#### Task input
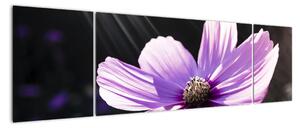Obraz fialového květu (170x50cm)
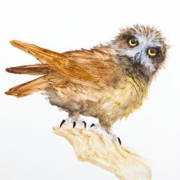 Demo painting of an owl by Paul Margocsy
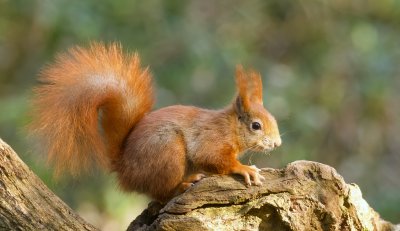 Eekhoorn (Red Squirrel)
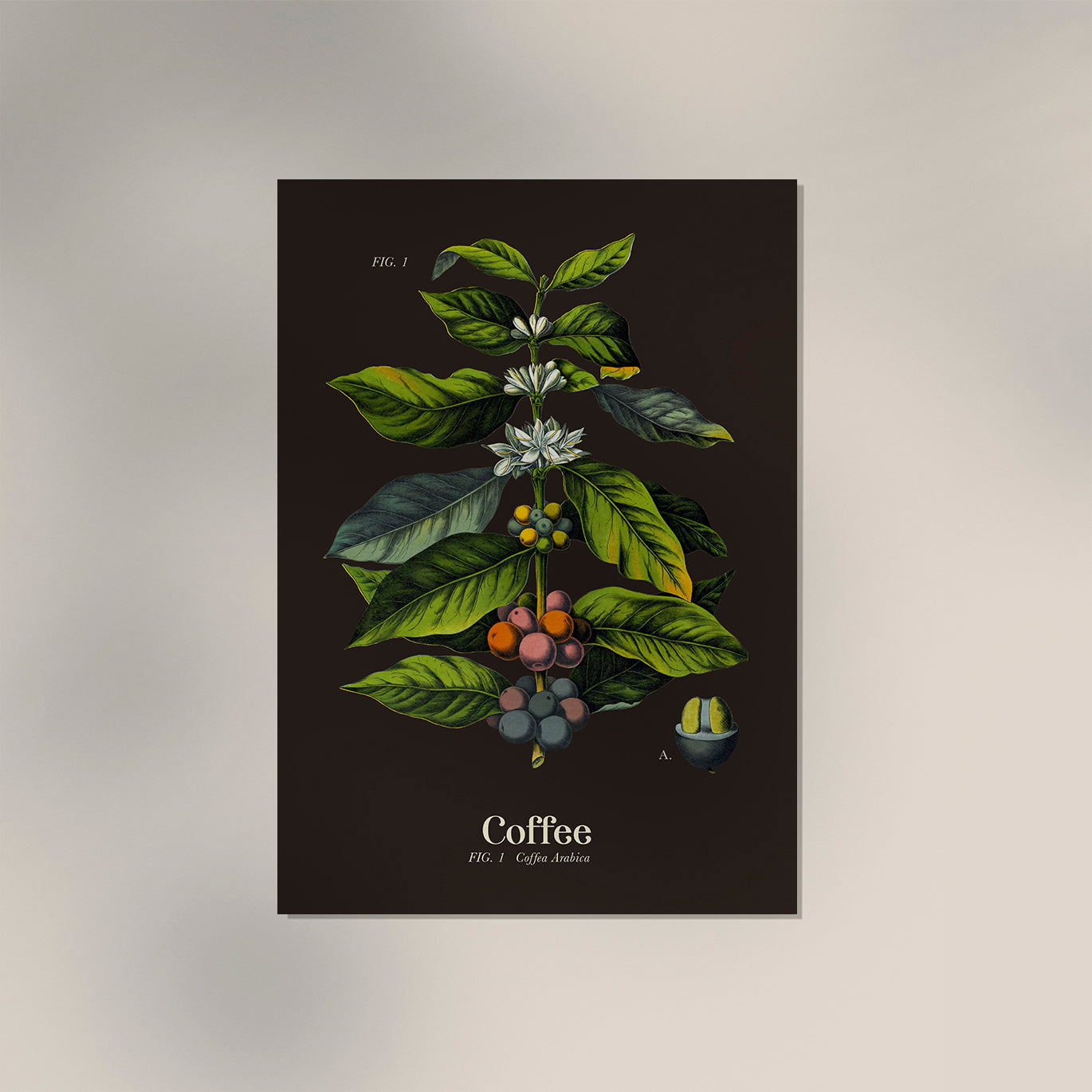 Coffee Botanical Poster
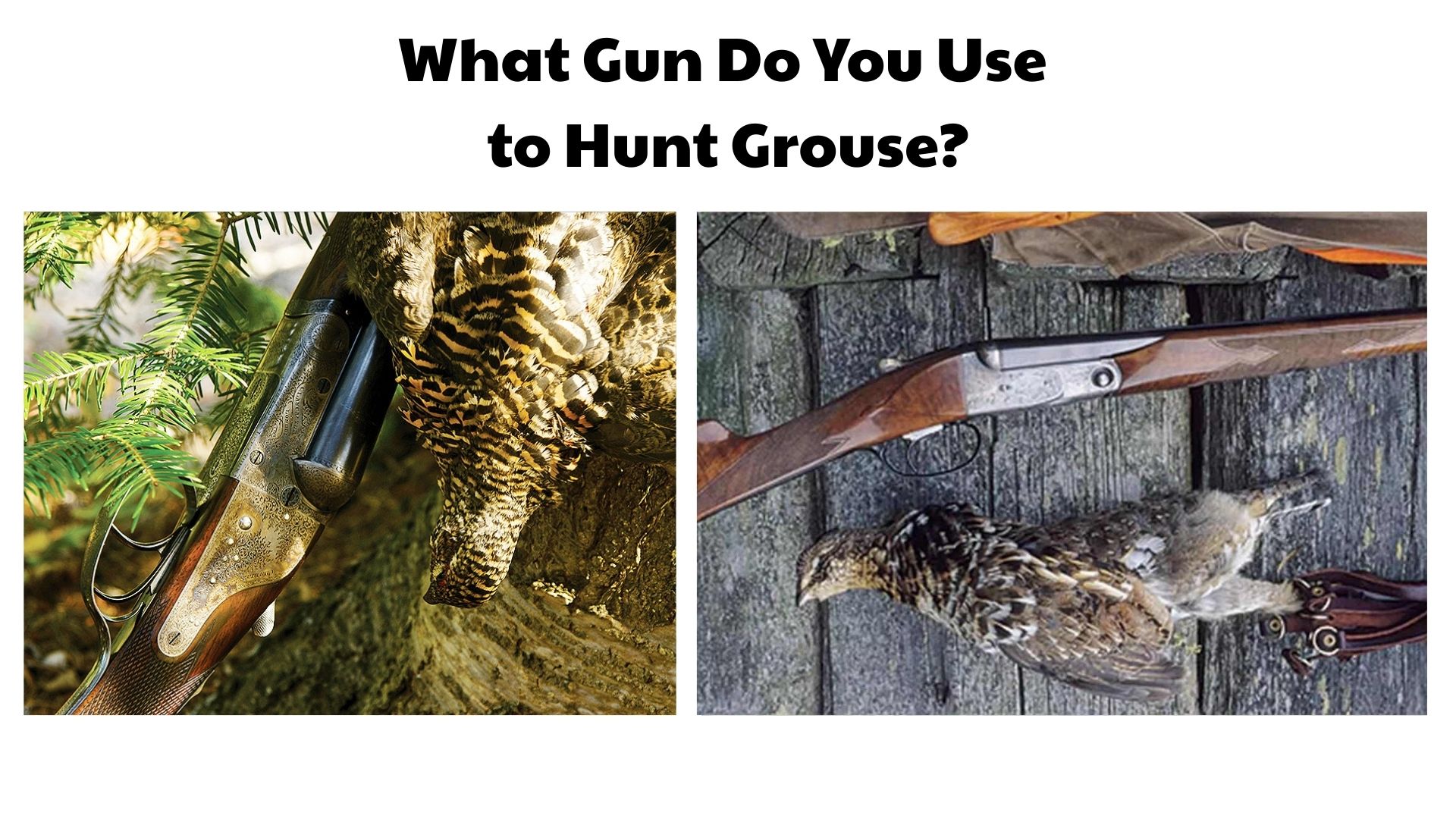 What Gun Do You Use to Hunt Grouse
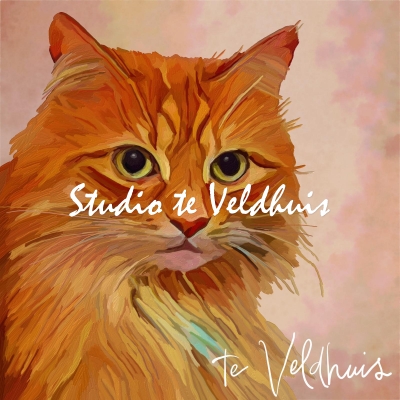 Theodore | Studio te Veldhuis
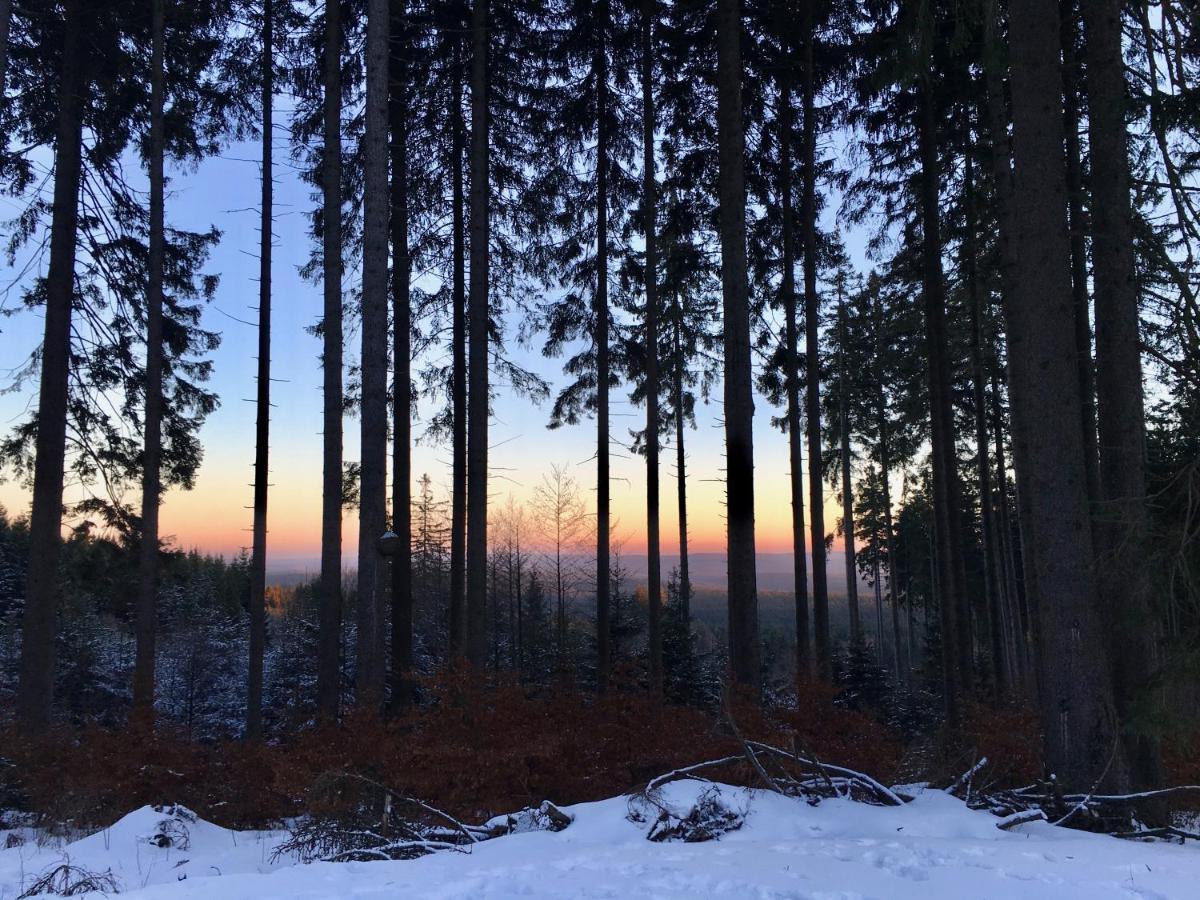 Fewo Harzromantik Braunlage Luaran gambar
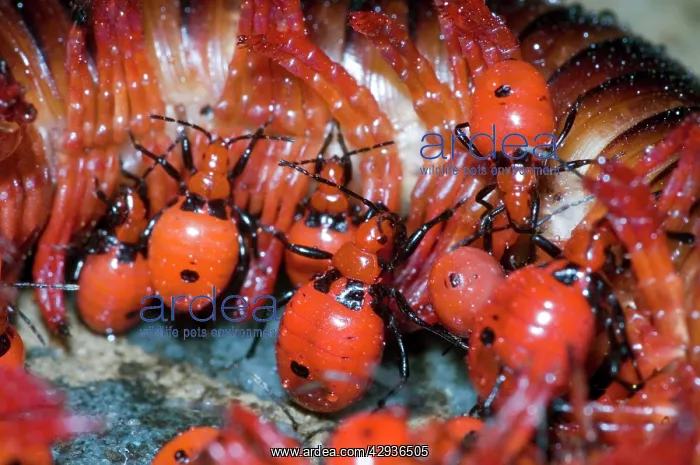 : Millipede Assassin - Nymphs feeding on millipede : Millipede Assassin - Nymphs feeding on millipede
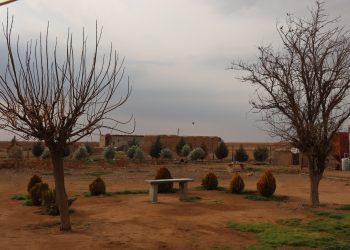 عدسة العدد2014 من صحيفة روناهي
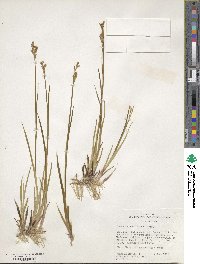 Juncus saximontanus image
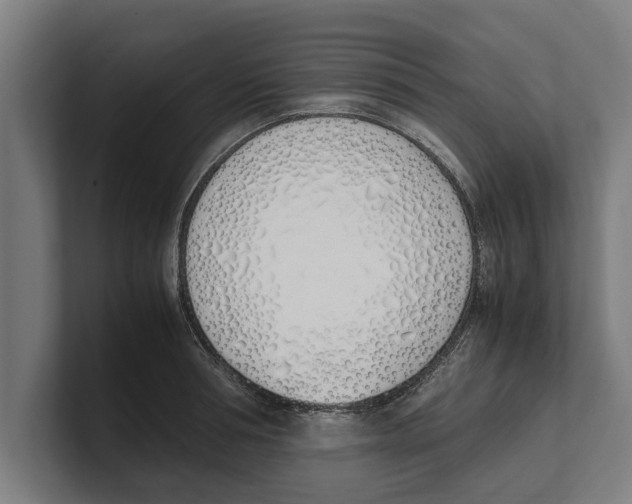 X0000100770994200807171408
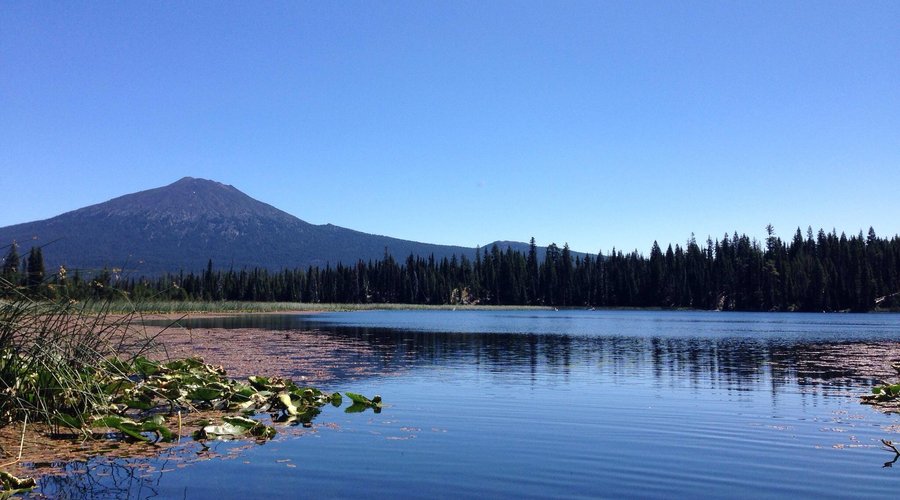 Beautiful day canoeing Hosmer Lake 7/23/15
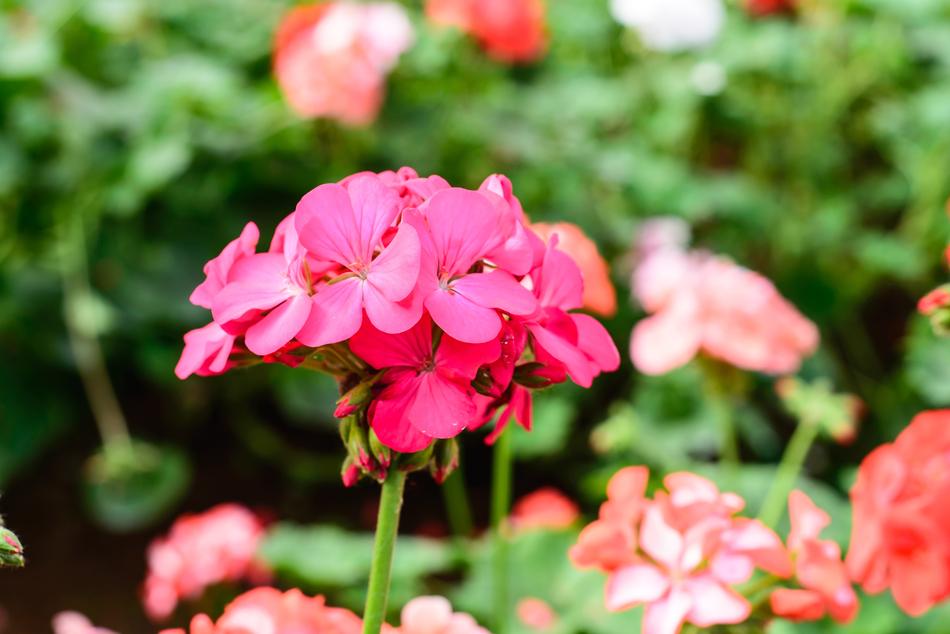 Flower Gardens Pink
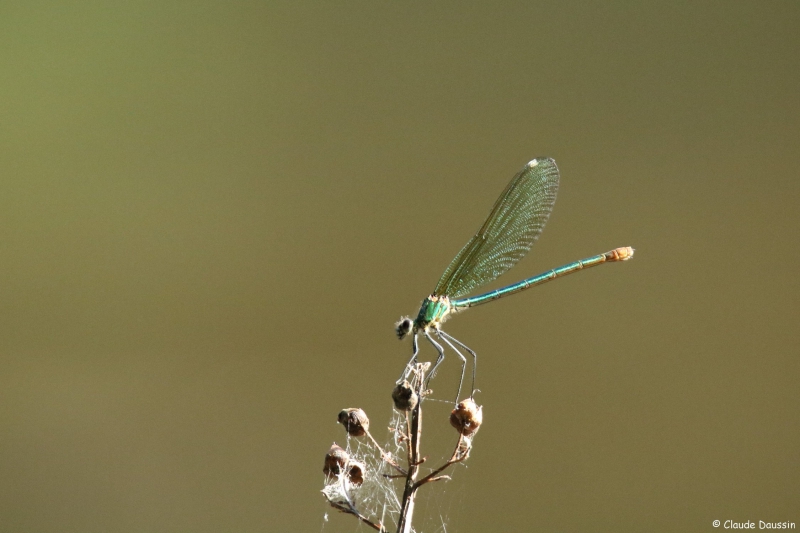 Photo Insectes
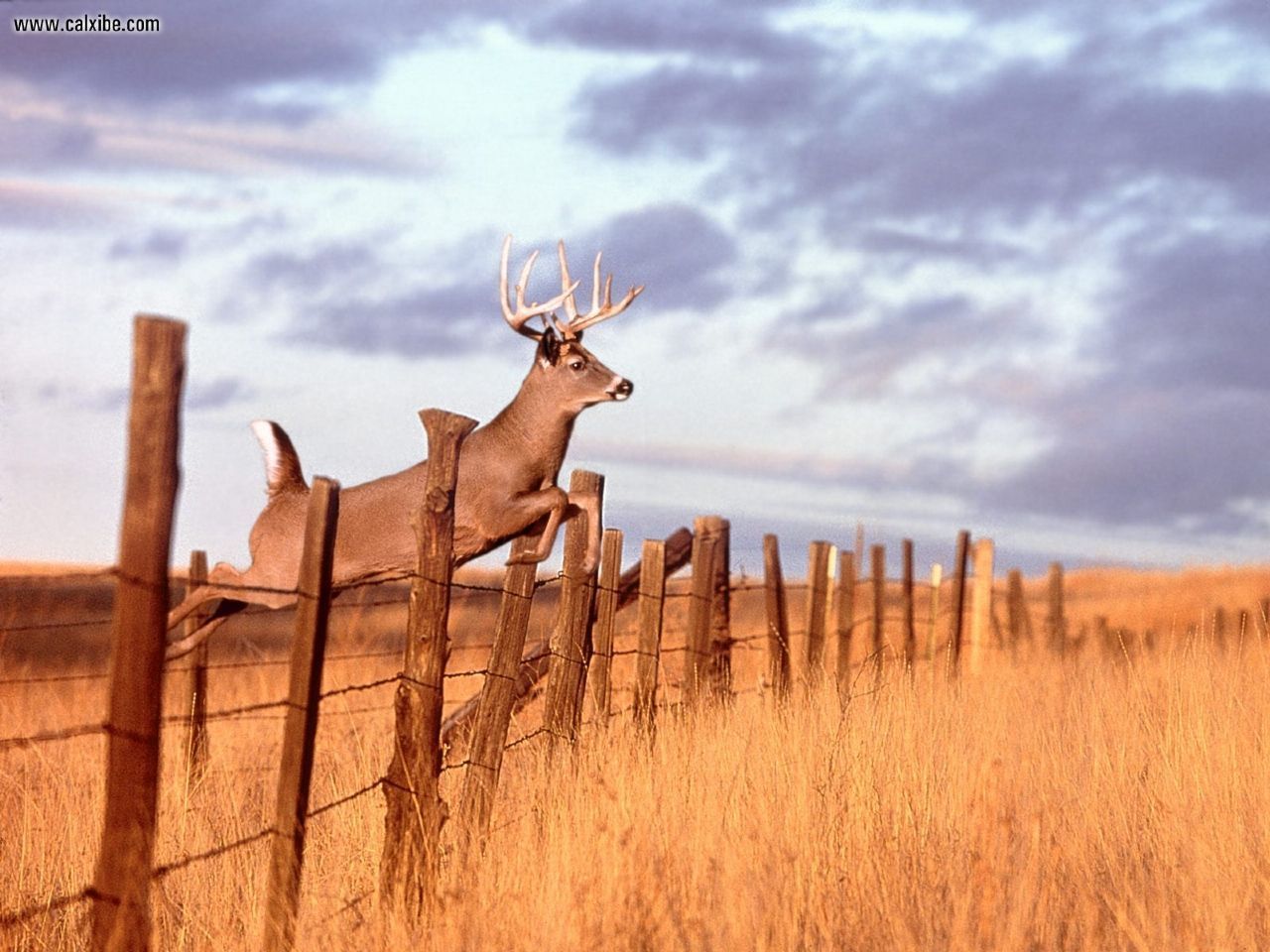Deer hunting iphone buck HD wallpaper  Pxfuel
########
_Task to carry out_: Each entry is to be written out again word for word, and any pictures are to be omitted.

_Written answer_:
Obraz fialového květu (170x50cm)
 Demo painting of an owl by Paul Margocsy
 Eekhoorn (Red Squirrel)
 Coffee Botanical Poster
 What Gun Do You Use to Hunt Grouse
 Theodore | Studio te Veldhuis
 Fewo Harzromantik Braunlage Luaran gambar
 : Millipede Assassin - Nymphs feeding on millipede : Millipede Assassin - Nymphs feeding on millipede
 عدسة العدد2014 من صحيفة روناهي
 Juncus saximontanus image
 X0000100770994200807171408
 Beautiful day canoeing Hosmer Lake 7/23/15
 Flower Gardens Pink
 Photo Insectes
Deer hunting iphone buck HD wallpaper  Pxfuel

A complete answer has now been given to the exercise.